You'll all have noticed that, as yet, there is no open release of implementation code for this, and so you don't see it in any common pixel tools.
The reason is that the approach is perhaps not as simple to decipher as the author, Xenowhirl, would make it appear. He glosses over the logic but doesn't describe the intent, which is more important when documenting an algorithm.
I managed to get Alan Paeth's "A Fast Algorithm for General Raster Rotation" running in about a day -- the shearing approach to rotation is much more amenable to a sane mind than approaching this through direct use of matrix math, or the sample-plot approach which leaves holes. My implementation doesn't do any blending, since the point is to try and avoid anything but the original colours used in the source image (which, AFAICT, is what RotSprite does).
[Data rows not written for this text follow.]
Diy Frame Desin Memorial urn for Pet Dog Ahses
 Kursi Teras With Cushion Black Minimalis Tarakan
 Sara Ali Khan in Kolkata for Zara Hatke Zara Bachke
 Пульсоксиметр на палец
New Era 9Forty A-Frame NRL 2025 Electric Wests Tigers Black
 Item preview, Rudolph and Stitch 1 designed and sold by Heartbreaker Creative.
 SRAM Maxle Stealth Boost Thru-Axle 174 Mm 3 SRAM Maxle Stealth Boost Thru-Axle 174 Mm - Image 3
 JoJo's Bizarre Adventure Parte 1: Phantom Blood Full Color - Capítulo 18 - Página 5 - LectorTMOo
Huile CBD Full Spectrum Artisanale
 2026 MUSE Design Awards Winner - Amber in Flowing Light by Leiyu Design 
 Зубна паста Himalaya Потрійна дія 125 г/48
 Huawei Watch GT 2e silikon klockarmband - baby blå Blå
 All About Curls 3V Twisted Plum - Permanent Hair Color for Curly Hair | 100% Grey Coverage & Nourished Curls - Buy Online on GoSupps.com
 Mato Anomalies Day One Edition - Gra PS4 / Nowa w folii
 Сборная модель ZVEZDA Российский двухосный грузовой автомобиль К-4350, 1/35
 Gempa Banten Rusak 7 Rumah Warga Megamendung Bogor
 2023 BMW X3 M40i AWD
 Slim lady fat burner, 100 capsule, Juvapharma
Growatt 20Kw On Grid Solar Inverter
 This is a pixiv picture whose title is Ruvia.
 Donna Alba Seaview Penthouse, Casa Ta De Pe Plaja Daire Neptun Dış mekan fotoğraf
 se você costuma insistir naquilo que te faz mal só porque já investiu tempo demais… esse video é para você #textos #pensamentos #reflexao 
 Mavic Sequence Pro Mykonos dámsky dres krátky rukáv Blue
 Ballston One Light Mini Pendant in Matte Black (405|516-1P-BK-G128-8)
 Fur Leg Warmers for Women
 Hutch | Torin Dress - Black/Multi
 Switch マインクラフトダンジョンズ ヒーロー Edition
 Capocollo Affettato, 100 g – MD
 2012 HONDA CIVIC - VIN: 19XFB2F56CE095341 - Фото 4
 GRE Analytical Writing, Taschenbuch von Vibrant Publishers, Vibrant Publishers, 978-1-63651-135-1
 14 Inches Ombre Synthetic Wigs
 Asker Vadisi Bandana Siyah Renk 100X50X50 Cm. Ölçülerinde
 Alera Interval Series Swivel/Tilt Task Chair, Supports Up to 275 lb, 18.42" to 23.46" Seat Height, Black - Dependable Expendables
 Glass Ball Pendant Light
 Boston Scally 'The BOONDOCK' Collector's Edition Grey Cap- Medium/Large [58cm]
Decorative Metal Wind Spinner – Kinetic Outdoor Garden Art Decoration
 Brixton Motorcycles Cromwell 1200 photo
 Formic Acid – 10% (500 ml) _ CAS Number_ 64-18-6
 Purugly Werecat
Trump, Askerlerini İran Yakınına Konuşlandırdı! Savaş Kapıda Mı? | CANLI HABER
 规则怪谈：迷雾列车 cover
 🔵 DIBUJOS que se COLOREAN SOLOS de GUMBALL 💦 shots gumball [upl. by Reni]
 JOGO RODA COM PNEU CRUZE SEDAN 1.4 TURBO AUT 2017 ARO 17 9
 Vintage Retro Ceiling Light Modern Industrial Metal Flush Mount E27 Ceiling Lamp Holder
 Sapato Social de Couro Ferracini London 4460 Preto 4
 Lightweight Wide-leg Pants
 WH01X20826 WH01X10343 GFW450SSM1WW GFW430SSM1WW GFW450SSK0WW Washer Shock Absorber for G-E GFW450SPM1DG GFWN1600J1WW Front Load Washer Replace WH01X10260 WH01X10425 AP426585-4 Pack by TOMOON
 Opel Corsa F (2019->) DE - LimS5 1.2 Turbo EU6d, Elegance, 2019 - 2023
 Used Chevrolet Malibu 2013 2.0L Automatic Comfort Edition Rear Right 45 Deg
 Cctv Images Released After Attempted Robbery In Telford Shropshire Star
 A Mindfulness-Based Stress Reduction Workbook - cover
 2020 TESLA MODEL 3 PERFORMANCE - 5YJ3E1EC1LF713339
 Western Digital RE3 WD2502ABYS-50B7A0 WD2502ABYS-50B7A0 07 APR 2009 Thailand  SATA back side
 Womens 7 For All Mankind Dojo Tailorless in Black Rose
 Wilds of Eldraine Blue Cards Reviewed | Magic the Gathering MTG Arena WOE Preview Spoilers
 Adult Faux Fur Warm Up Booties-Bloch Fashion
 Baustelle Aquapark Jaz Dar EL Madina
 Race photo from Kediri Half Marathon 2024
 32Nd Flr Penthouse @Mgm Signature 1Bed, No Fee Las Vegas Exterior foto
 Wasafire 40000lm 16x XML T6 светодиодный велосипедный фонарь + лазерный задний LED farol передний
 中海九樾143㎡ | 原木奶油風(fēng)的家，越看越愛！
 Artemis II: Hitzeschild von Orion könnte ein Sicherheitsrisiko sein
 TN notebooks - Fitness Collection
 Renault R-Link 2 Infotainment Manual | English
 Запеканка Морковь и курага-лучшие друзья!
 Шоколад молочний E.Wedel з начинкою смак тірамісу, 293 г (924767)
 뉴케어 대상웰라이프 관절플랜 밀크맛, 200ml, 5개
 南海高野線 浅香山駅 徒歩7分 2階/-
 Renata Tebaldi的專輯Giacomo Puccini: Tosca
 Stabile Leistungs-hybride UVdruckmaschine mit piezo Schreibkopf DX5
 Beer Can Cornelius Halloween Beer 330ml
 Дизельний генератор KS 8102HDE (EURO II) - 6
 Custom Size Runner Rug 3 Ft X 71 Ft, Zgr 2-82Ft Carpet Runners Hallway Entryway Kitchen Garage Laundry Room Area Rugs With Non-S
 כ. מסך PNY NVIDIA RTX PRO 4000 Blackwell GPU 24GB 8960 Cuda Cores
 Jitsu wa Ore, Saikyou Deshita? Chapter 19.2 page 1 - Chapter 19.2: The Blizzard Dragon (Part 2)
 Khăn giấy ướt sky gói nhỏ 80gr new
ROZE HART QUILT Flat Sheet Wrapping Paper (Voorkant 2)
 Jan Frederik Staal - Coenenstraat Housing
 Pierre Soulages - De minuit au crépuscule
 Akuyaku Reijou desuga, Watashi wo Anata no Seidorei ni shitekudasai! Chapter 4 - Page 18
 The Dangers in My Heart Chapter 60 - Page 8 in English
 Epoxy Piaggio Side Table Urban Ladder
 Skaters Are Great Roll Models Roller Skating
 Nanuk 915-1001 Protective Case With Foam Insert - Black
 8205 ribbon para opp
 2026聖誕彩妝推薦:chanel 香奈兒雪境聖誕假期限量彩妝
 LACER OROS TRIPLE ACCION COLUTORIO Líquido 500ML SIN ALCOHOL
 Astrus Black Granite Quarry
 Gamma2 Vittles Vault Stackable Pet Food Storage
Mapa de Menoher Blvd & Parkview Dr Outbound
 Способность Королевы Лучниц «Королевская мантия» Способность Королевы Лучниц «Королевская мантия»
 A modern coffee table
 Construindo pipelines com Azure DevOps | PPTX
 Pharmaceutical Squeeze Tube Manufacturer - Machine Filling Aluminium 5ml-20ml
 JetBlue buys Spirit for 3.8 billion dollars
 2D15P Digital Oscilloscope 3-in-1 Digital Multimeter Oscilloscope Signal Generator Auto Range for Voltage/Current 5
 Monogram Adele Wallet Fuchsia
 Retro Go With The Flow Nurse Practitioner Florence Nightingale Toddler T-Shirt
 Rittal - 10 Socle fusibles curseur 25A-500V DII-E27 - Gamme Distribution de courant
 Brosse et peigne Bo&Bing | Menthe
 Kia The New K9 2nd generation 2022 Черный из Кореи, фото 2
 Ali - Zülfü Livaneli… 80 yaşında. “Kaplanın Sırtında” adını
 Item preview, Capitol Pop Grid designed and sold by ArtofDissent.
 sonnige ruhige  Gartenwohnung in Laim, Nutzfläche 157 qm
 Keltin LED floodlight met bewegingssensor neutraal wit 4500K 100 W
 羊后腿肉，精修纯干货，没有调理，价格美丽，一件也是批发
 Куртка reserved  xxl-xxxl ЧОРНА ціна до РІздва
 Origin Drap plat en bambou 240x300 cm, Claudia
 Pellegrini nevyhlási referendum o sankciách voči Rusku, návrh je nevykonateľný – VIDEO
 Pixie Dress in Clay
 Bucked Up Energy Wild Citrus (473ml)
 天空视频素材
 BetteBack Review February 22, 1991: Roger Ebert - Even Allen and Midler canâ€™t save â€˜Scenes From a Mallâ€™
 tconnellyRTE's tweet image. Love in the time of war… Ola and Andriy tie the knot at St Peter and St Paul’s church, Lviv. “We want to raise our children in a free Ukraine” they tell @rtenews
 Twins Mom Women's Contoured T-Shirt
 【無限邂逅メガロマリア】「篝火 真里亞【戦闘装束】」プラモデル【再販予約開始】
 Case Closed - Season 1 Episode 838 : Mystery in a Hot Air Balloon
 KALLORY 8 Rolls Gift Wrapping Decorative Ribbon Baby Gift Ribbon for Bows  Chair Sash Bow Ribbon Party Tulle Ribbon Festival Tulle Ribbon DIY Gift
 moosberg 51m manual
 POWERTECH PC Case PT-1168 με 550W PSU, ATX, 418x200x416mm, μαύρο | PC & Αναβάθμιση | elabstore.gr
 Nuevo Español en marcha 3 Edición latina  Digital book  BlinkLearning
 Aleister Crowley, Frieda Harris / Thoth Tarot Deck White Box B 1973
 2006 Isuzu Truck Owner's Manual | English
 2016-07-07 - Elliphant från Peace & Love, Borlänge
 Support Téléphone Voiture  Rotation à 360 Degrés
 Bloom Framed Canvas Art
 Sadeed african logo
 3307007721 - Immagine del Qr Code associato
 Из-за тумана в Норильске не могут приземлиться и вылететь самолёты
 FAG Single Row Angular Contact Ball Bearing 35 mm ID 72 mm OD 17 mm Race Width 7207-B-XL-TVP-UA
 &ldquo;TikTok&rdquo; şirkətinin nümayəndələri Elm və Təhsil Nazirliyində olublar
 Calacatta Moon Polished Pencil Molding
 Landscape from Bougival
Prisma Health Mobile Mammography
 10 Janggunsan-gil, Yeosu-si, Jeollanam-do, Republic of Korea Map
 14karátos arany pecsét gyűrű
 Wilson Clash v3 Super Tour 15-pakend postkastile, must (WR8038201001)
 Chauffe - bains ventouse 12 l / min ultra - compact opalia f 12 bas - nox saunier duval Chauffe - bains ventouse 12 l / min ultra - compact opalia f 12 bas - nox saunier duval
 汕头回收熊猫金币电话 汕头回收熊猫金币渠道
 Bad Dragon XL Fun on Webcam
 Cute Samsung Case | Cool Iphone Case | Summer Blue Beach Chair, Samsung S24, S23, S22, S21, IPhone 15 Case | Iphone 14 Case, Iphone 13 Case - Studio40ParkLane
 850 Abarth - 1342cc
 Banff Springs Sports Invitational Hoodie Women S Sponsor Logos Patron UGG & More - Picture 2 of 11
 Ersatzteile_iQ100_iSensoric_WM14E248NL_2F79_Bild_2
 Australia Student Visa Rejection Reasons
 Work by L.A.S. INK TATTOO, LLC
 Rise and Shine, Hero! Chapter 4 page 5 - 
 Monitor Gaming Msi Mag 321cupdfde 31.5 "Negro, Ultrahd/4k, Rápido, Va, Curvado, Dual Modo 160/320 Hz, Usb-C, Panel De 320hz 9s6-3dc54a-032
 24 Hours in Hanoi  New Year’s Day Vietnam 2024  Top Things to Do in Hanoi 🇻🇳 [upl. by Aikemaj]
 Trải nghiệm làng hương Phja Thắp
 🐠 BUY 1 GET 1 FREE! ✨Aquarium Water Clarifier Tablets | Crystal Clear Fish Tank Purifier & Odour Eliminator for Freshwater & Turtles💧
Paeth's approach is not bad and very fast to process, but you will still the get the occasional "toothed jaggies" that are typically seen on aliased rotations (see OP). It is prior to this step that I would need to implement the entirety of something like RotSprite's approach -- the scaling part's already done, but it's the approach to smoothing (aliased smoothing, that is, i.e. no blending of neighbouring pixels) that I need to figure out, and also the approach Xenowhirl takes to resampling the expanded image using offsets, prior to pushing those back into a rotated image.
I think that it's enough to say, "Its been done by someone who wasn't a PhD in computational geometry," so it cannot be that hard to implement an alternative approach with as good or nearly as good results. It's more about recognising where rotated, aliased images tend to go wrong, and using code to fix those errors in the outputted image as a post-processing step. That's what I intend to try as my next step, anyway.